The business will initially focus its online expansion on the US, planning to launch online products with two new customers in two jurisdictions before the end of the calendar year, with the aim of gaining a “significant share” of the US market within five years.
“Scaling in online RMG is a logical growth and diversification opportunity that is complementary for Aristocrat’s gaming and free to play mobile businesses,” Aristocrat chief executive Trevor Croker said. “It provides another channel for the distribution of our world leading content.
“Our first focus will be in North America given the scale of the opportunity and Aristocrat’s deep customer and regulator relationships.”
When asked if the US would be the sole focus for the online real-money division over the next five years, Croker said it would be the sole focus at first, but that there may also be opportunities in other markets such as Europe that arise in the medium term.
“I think you’ve got it right but I wouldn’t necessarily lock us into five years. We can see that there’s opportunity to be part of the US gaming market, in three of the six open markets by early 2023.
“It wouldn’t preclude us from going into Europe and other markets, and I wouldn’t quarantine it to five years but we will be able to build the capabilities and technology in North America and then scale it to other markets.”

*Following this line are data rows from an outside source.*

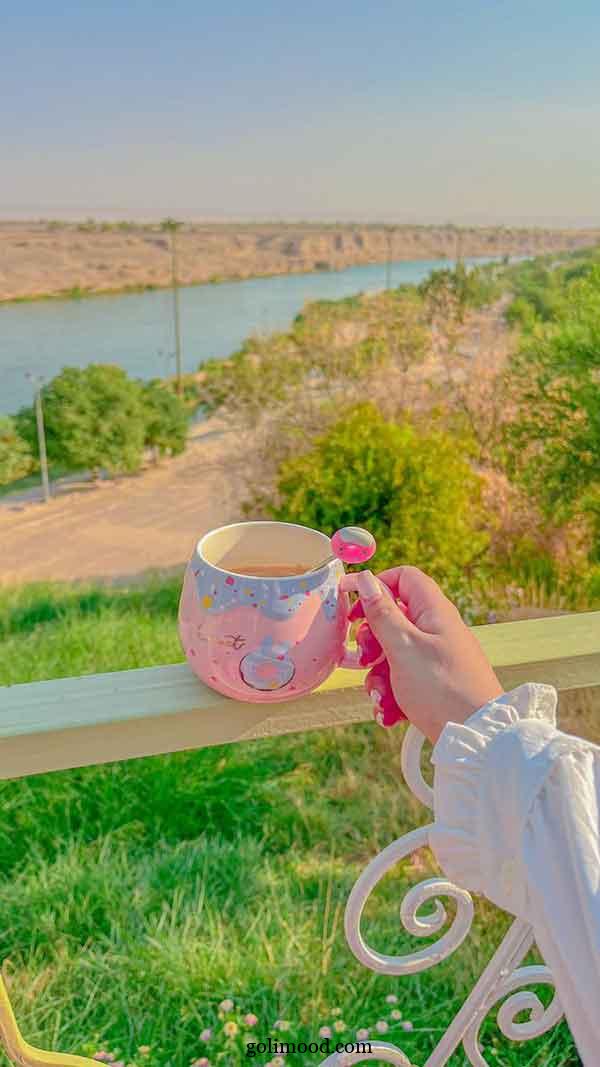عکس پروفایل شیک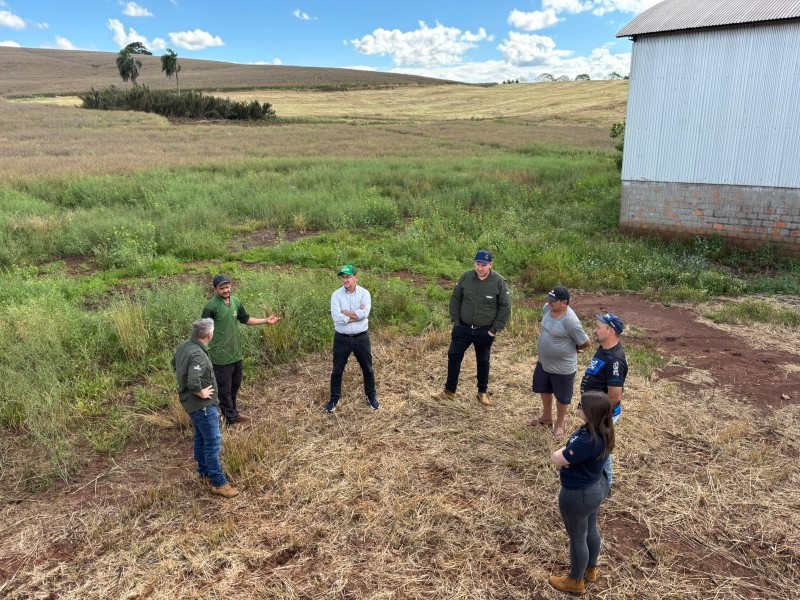 Cotrifred recebe a primeira safra de canola de sua história
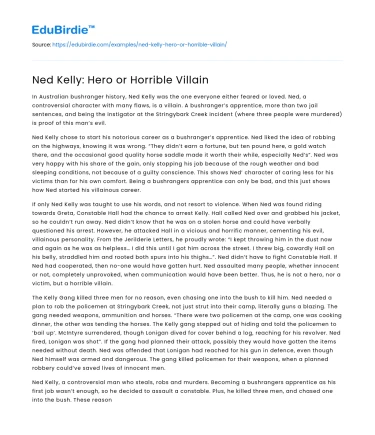 Ned Kelly: Hero or Horrible Villain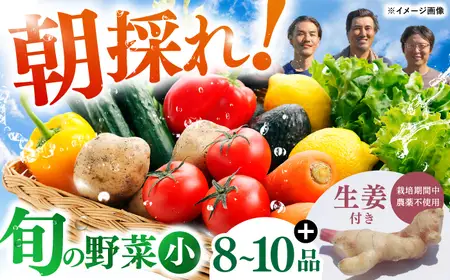土佐の太陽をいっぱいに浴びた旬の野菜生姜約100gのセット「小」【土佐野菜】 [ATBA003]スピード 最短 最速 発送 春 春野菜 旬野菜 野菜詰め合わせ
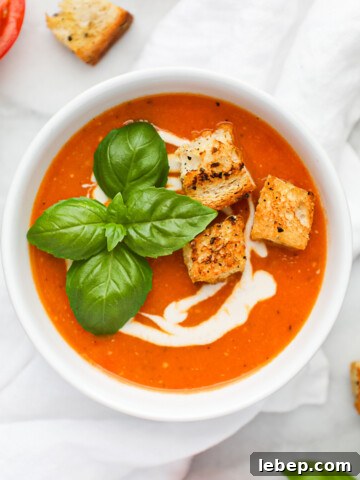 Vegan Creamy Tomato Soup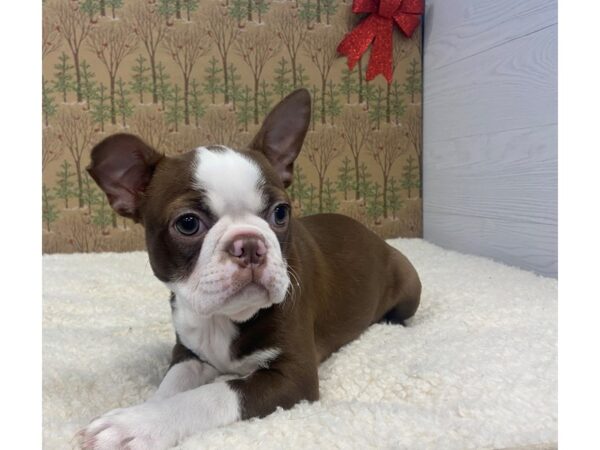 Boston Terrier DOG Female Seal / White 20238 Petland Batavia, Illinois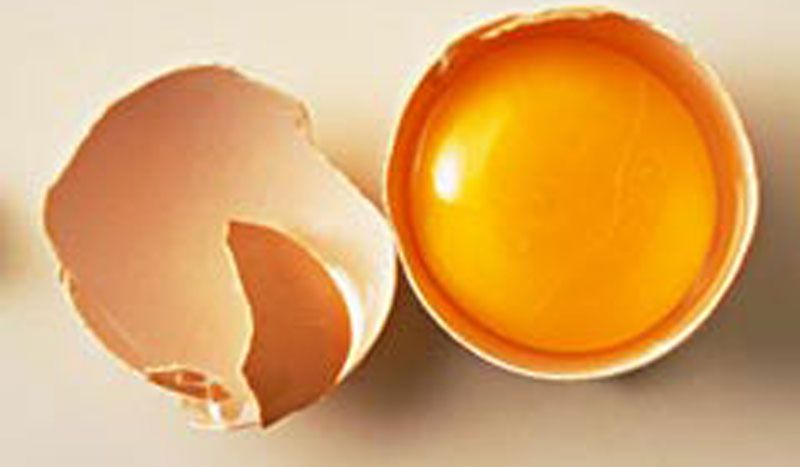 Alimentos deportivos: mitos sobre los huevos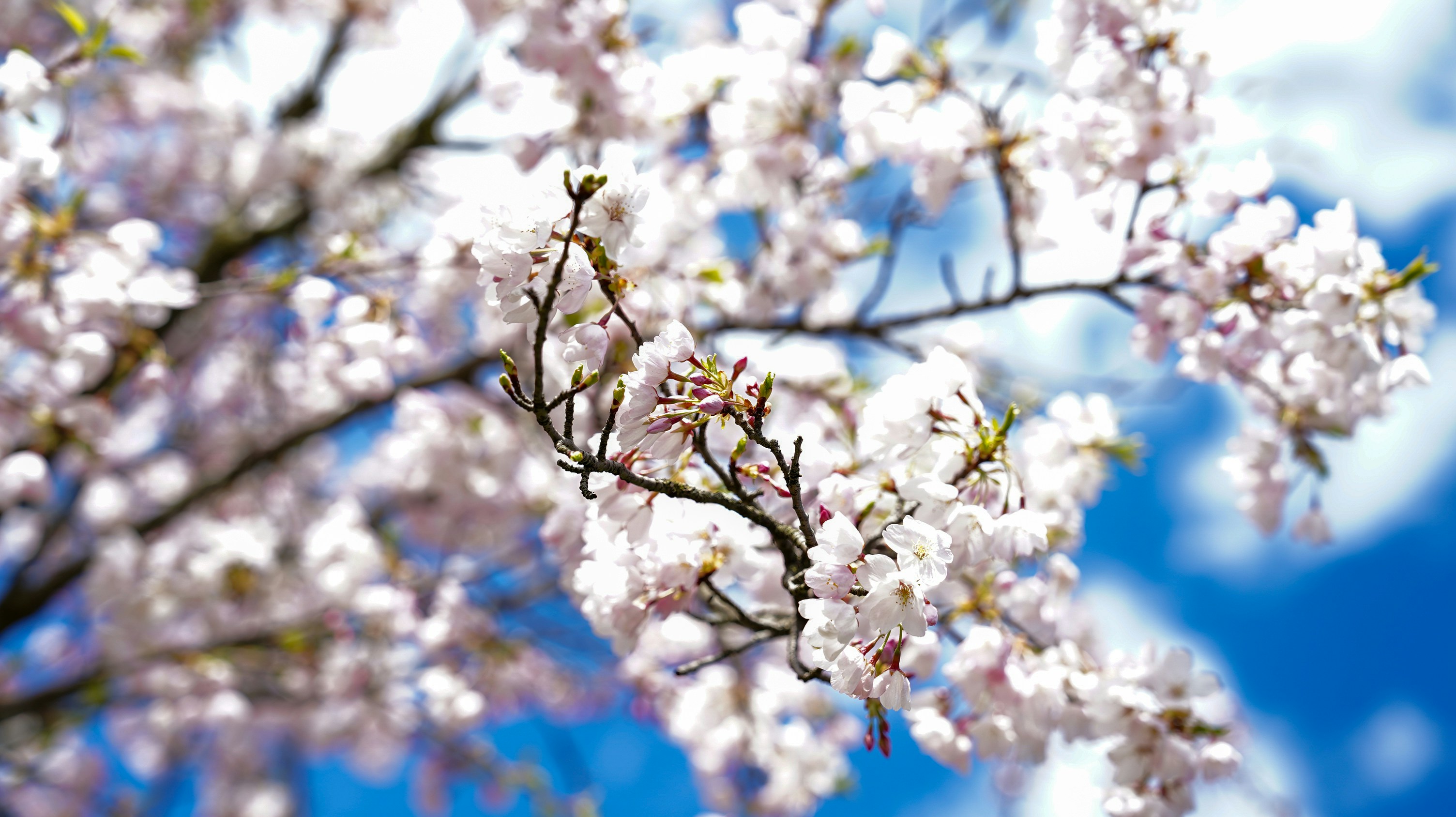 a close up of a tree with white flowers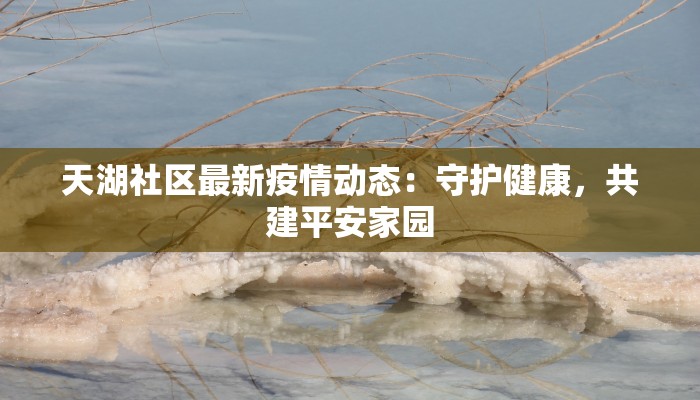 天湖社区最新疫情动态：守护健康，共建平安家园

The business reported strong results in H1, leaving $3.3bn in available liquidity, some of which Croker noted could be used to acquire businesses in the online real-money space.
Aristocrat’s revenue was up 23.1% year-on-year to AU$2.75bn for the half-year.
Pixel United – Aristocrat’s social gaming division – continued to be the largest contributor to revenue, bringing in AU$1.31bn, up by 10.0%.
Meanwhile, for Aristocrat’s gaming machine business, the Americas brought in $1.15bn, up 41.5%, up 281.0%. Australia and New Zealand revenue was $222.7m, up 6.5% while international class gaming added an additional $64.0m, almost four times the previous year’s figure, due to new, “large openings” in the Philippines.
Costs of revenue were up by 11.2% to $1.22bn. This meant Aristocrat’s gross profit was $1.53bn, up 35.3%.
Design and development costs were $312.8m, up 28.8%, selling, general and administrative expenses grew by 22.3% to $444.2m while finance costs grew by 154.6% to $178.0m.
As a result, Aristocrat made a pre-tax profit of $598.0m, up 29.7%.
After an $85.0m income tax expense, down 26.1%, profit for the half-year came to $513.0m, up 48.1%.
“Aristocrat delivered an impressive and resilient performance despite mixed operational conditions and challenges,” Croker said. “We took comprehensive action to protect our people and business, while investing strongly to accelerate our growth strategy going forward.”